[Records to use]
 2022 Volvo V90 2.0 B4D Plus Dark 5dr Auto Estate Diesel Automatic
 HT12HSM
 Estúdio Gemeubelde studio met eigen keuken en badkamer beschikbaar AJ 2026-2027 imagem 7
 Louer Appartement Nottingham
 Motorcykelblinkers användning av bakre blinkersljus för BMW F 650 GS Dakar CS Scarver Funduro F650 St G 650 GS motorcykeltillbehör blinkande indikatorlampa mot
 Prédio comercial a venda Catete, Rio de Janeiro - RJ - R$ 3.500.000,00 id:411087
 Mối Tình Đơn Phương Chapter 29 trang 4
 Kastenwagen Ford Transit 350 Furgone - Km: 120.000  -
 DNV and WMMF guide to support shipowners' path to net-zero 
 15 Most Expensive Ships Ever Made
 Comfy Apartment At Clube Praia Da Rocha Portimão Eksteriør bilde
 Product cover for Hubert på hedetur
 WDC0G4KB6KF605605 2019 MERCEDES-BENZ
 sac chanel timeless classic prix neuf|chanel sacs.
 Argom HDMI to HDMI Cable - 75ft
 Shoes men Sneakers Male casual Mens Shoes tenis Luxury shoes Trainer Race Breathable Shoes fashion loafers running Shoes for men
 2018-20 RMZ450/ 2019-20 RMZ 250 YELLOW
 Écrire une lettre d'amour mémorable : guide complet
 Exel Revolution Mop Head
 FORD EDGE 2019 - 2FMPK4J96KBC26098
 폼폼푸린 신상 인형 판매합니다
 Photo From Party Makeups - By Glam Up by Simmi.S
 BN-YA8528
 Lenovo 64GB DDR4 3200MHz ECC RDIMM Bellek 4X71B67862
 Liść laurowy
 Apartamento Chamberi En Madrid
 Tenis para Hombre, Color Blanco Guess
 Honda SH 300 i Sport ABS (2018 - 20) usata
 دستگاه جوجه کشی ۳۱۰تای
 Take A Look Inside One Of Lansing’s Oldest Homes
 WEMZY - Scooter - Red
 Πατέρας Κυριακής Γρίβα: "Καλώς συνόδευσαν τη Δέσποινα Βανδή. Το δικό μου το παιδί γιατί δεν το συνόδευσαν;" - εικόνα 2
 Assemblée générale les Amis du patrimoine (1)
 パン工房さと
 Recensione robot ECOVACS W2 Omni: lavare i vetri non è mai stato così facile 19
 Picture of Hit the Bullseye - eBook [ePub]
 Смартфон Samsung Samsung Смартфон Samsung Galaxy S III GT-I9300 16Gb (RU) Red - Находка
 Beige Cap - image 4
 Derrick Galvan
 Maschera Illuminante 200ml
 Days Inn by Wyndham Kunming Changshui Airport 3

[Directions]
Answer with one number, namely how many lines in the records contain the string "guide".

[Exercise output]
2